Élaboration d’une atmosphère psychologique

- Le gris : oppression, prison.
- Les oppositions blanc/noir : innocence/culpabilité (penser au jeu d’échecs, et au principe de la lutte entre deux camps).
- Accord avec la volonté affirmée au début : « Finir ».
- Le temps/le moment : une fin de journée, semi-lumière, semi-obscurité (p. 46).
- La lumière a plusieurs fois le sens de la vie (La mère Pegg), et l’obscurité le sens de la mort. Le gris serait un entre-deux ?

Rupture entre monde intérieur et extérieur

- Pas de pénétration de la lumière à l’intérieur = perte de l’idéal ?
- Certaines couleurs sont imaginées, comme p. 55 : comique de la couleur du chien en peluche.
- Différence entre le monde vu sur scène et le monde vu (en souvenir) ou imaginé par Hamm, et suggéré par Clov : de la verdure, des forêts.

Couleurs à signification secondaire

- Le teint rouge de Hamm contraste avec le ton général plutôt gris ou pâle : Nell et Nagg ont un teint cadavérique.
- Couleurs reflet du monde : c’est un monde fini, ou finissant, ou détruit.

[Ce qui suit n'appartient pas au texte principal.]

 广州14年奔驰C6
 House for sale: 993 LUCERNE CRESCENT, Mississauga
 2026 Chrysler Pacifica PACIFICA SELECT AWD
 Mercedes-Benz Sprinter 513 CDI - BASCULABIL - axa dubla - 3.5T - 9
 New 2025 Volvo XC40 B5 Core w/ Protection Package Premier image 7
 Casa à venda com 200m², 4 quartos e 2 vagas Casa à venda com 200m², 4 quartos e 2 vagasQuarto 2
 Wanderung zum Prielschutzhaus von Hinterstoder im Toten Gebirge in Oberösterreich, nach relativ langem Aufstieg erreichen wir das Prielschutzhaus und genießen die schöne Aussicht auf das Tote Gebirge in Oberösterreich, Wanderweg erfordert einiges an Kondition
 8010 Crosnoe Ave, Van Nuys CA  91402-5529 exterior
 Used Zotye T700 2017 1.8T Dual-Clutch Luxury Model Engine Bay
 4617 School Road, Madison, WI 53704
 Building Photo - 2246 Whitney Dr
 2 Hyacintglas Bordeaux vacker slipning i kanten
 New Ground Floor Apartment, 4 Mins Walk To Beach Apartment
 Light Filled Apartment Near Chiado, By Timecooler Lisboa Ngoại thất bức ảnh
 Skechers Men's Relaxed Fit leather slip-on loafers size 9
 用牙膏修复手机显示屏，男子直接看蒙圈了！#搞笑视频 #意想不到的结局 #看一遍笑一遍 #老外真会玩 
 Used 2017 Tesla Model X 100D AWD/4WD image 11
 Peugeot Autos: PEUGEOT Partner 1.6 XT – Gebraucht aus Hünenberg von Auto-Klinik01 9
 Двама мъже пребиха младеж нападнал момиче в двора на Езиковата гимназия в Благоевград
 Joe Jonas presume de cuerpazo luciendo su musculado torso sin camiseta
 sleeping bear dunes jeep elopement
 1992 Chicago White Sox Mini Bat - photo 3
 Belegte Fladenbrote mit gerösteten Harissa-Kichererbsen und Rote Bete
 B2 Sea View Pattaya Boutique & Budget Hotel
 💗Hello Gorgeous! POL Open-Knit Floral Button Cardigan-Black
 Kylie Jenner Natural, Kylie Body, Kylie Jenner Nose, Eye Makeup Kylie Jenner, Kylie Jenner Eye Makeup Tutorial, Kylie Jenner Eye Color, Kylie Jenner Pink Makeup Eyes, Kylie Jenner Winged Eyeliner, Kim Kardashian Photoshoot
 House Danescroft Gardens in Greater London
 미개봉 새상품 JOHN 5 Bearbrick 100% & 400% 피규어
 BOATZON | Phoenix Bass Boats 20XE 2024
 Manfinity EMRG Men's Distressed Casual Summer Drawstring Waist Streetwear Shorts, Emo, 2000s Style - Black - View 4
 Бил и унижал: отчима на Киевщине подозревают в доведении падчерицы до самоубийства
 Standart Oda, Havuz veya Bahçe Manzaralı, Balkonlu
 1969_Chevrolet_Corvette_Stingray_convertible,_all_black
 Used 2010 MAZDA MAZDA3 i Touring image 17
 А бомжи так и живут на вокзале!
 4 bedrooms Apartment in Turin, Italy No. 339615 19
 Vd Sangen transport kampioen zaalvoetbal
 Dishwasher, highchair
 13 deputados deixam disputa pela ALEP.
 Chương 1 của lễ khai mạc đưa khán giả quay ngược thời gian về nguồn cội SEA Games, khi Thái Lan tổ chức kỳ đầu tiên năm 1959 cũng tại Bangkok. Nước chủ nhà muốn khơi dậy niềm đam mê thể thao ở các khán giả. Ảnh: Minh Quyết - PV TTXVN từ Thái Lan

Certaines couleurs servent à élargir le lieu de l’action

- Couleurs en rapport avec le souvenir : p. 36, p. 54.
- Le noir et le blanc sont les couleurs du jeu d’échecs, le rouge représente le sang : images d’un monde d’affrontement, séparation en deux camps ou clans, lutte implicite, avec un gagnant et du sang versé. Certaines couleurs ont donc peut-être des significations symboliques ?
- Ces mêmes couleurs représentent-elles des notons morales ? Le bien contre le mal ? Le passé contre le présent ? Le passage du temps ?
- En tout cas, la cécité de Hamm, bien que ce soit une infirmité, est aussi un refus de voir le monde, une marque de pessimisme, une “vision” négative.

Conclusion

- Couleurs intenses ou ternes ? Il est difficile de faire une distinction entre les couleurs réelles ou imaginées, entre la vérité et l’illusion.
- Est-ce une mise en doute de la réalité du monde ? Pour le moins, une certaine subjectivité dans sa représentation.
- Et c’est un monde dérisoire, mais aux yeux de qui ?

Additions après l’exposé

- Penser au peintre qui voyait tout en gris p. 61 : « Il n’avait vu que des cendres ». Et pourtant Hamm lui avait montré le « blé qui lève » et les « voiles des sardiniers ».
- Penser au tableau retourné contre le mur : négation de la représentation, et visibilité de sa seule surface arrière, c’est-à-dire la toile écrue.
- Penser aux couleurs de certains animaux, comme la puce, le rat, la mouette, ou aux couleurs implicitement évoquées lorsque Hamm veut voguer vers d’autres cieux, vers le sud, sur un radeau.